As to points 1 and 2, we cannot say that the verdict is overwhelmingly against the weight of the evidence and the instructions of the court, leading us to grant a new trial in this case. There is evidence that will sustain the verdict. The mere fact that the verdict might be against a preponderance of the evidence is not a sufficient ground for granting a new trial. Weed v. Lyons Petroleum Co., D.C., 294 F. 725, 732 (Morris, D.J.), affirmed, 3 Cir., 300 F. 1005, on opinion of court below.
In addition to the testimony given in court, we have the fact that the jury in this case went out to view the premises, and could exercise its own judgment derived from that view, as well as from the evidence given in court. This is pointed out by Mr. Justice Lurton in Columbia Heights Realty Company v. Rudolph, 217 U.S. 547, on page 560, 30 S. Ct. 581, on page 586, 54 L. Ed. 877, 1. Ann.Cas. 854, as follows: "The power of the court to review the award by such a jury must, in the very nature of the matter, be limited to plain errors of law, misconduct, or grave error of fact indicating plain partiality or corruption. The jury saw and heard the witnesses; the court did not. The jury went upon and viewed the premises; the court did not. The duty to review did not involve mere error in judgment as to the extent of enhancement in value, for the judgment of the jury manifestly rested upon much which could not be brought before the court. The jury was expected to exercise its own judgment, derived from personal knowledge from a view of the premises, as well as from the opinion evidence which might be brought before them. Shoemaker v. United States, 147 U.S. 282, 13 S. Ct. 361, 37 L. Ed. 170. See also Murray v. United States, 76 U.S.App.D.C. 179, 130 F.2d 442; Willis v. United States, 69 App.D.C. 129, 99 F.2d 362, 365.

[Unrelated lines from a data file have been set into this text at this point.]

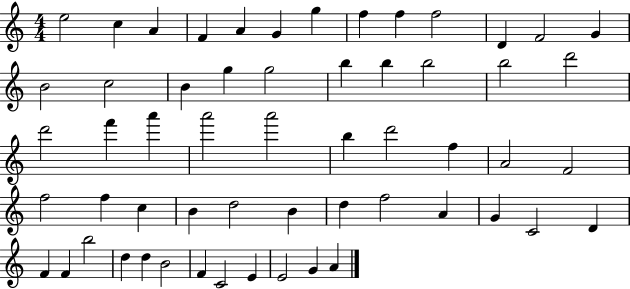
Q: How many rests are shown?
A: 0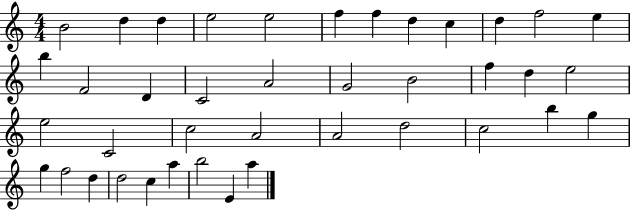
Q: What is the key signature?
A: C major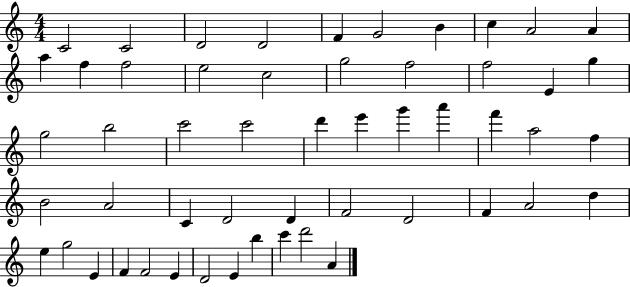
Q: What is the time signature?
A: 4/4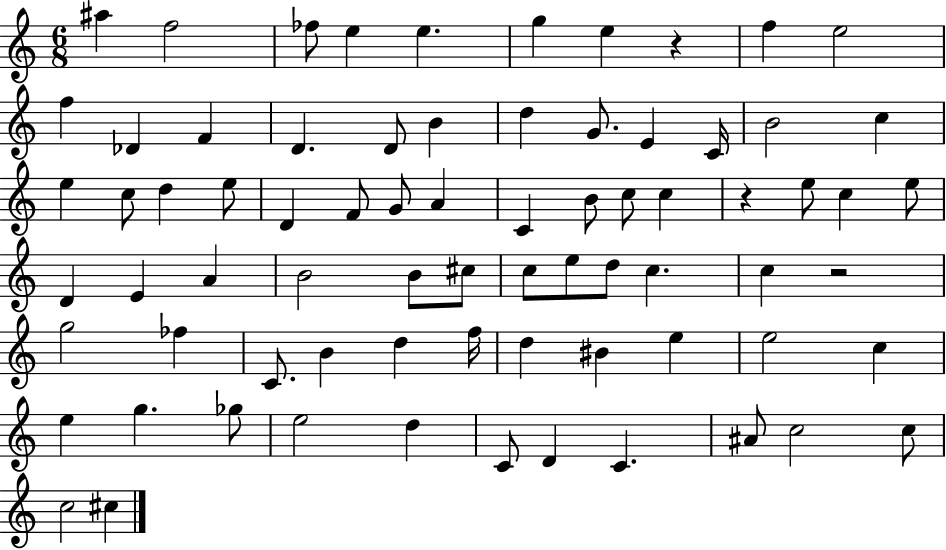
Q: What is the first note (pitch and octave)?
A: A#5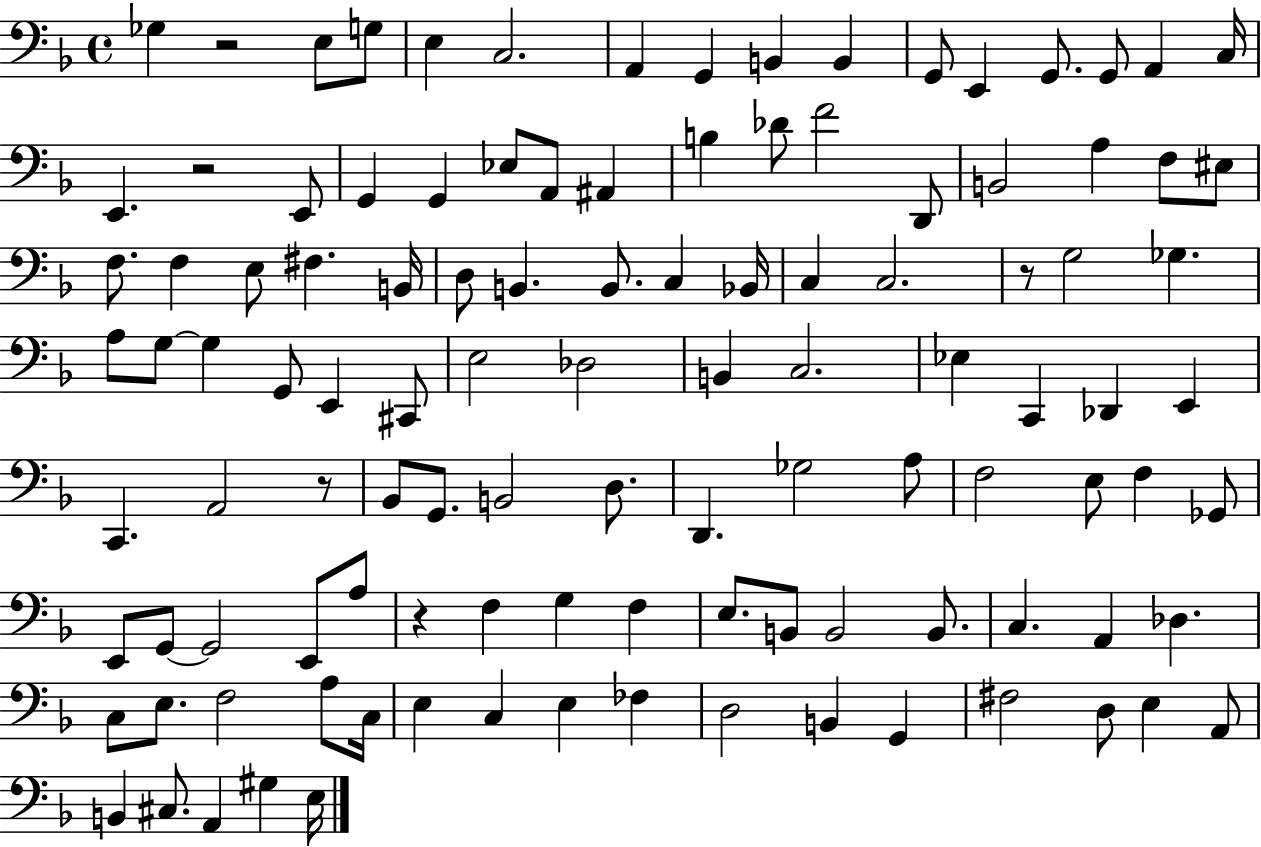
X:1
T:Untitled
M:4/4
L:1/4
K:F
_G, z2 E,/2 G,/2 E, C,2 A,, G,, B,, B,, G,,/2 E,, G,,/2 G,,/2 A,, C,/4 E,, z2 E,,/2 G,, G,, _E,/2 A,,/2 ^A,, B, _D/2 F2 D,,/2 B,,2 A, F,/2 ^E,/2 F,/2 F, E,/2 ^F, B,,/4 D,/2 B,, B,,/2 C, _B,,/4 C, C,2 z/2 G,2 _G, A,/2 G,/2 G, G,,/2 E,, ^C,,/2 E,2 _D,2 B,, C,2 _E, C,, _D,, E,, C,, A,,2 z/2 _B,,/2 G,,/2 B,,2 D,/2 D,, _G,2 A,/2 F,2 E,/2 F, _G,,/2 E,,/2 G,,/2 G,,2 E,,/2 A,/2 z F, G, F, E,/2 B,,/2 B,,2 B,,/2 C, A,, _D, C,/2 E,/2 F,2 A,/2 C,/4 E, C, E, _F, D,2 B,, G,, ^F,2 D,/2 E, A,,/2 B,, ^C,/2 A,, ^G, E,/4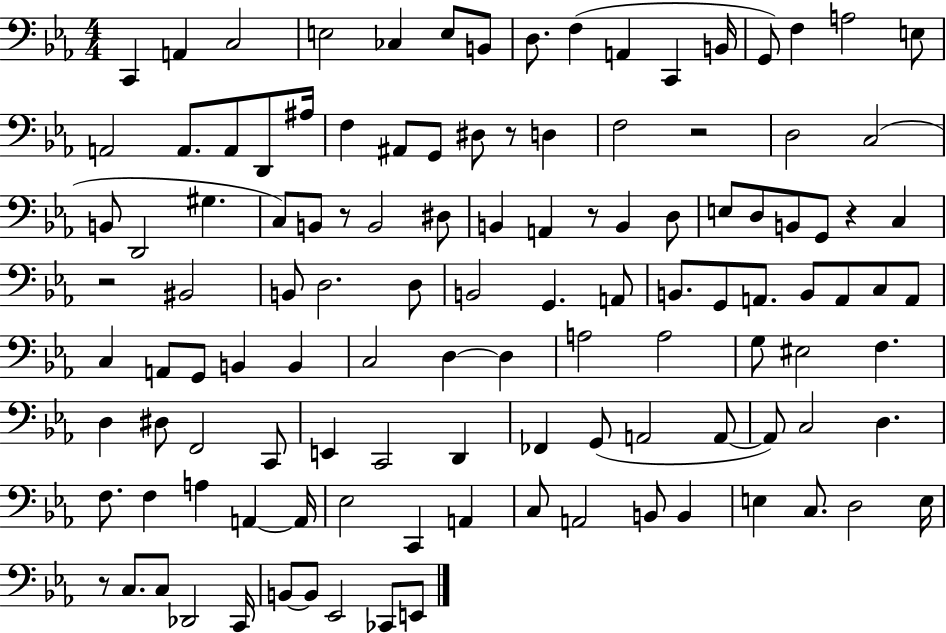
C2/q A2/q C3/h E3/h CES3/q E3/e B2/e D3/e. F3/q A2/q C2/q B2/s G2/e F3/q A3/h E3/e A2/h A2/e. A2/e D2/e A#3/s F3/q A#2/e G2/e D#3/e R/e D3/q F3/h R/h D3/h C3/h B2/e D2/h G#3/q. C3/e B2/e R/e B2/h D#3/e B2/q A2/q R/e B2/q D3/e E3/e D3/e B2/e G2/e R/q C3/q R/h BIS2/h B2/e D3/h. D3/e B2/h G2/q. A2/e B2/e. G2/e A2/e. B2/e A2/e C3/e A2/e C3/q A2/e G2/e B2/q B2/q C3/h D3/q D3/q A3/h A3/h G3/e EIS3/h F3/q. D3/q D#3/e F2/h C2/e E2/q C2/h D2/q FES2/q G2/e A2/h A2/e A2/e C3/h D3/q. F3/e. F3/q A3/q A2/q A2/s Eb3/h C2/q A2/q C3/e A2/h B2/e B2/q E3/q C3/e. D3/h E3/s R/e C3/e. C3/e Db2/h C2/s B2/e B2/e Eb2/h CES2/e E2/e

In this case, there was a sharp issue of fact as to whether or not the Government, in taking the land it did take for this floodcontrol dam, deprived the Graff Estate of the most possible entry into the coal underlying the lands adjacent to the dam site. The Graff Estate contended that the only feasible method of mining the coal vein here involved, was by drift entry, and that the only available place therefor was on the particular lands taken by the Government for the dam site. On the other hand, the Government contended that the balance of the coal field owned by the Graff Estate was not affected by the construction of this dam at all, because there was approximately two thousand feet of out-crop coal remaining in the area not taken by the Government, with proper tipple height, sufficient waste area, where a drift entry could be made into this coal at some distance below the dam site, and near to the center of the coal field. In addition to that, there was evidence offered by the Government that the method of drift mining is not the only way of getting this coal out of the ground, that a shaft entry into this coal at a point on Girty's Run might be made, through which this coal might be mined to better advantage than by a drift opening. In addition to this, there was evidence that the location of the dam neither contributed to, or detracted from, the value of the Graff Estate coal lands, and would have no effect on the mining of the coal lands remaining in the Graff Estate.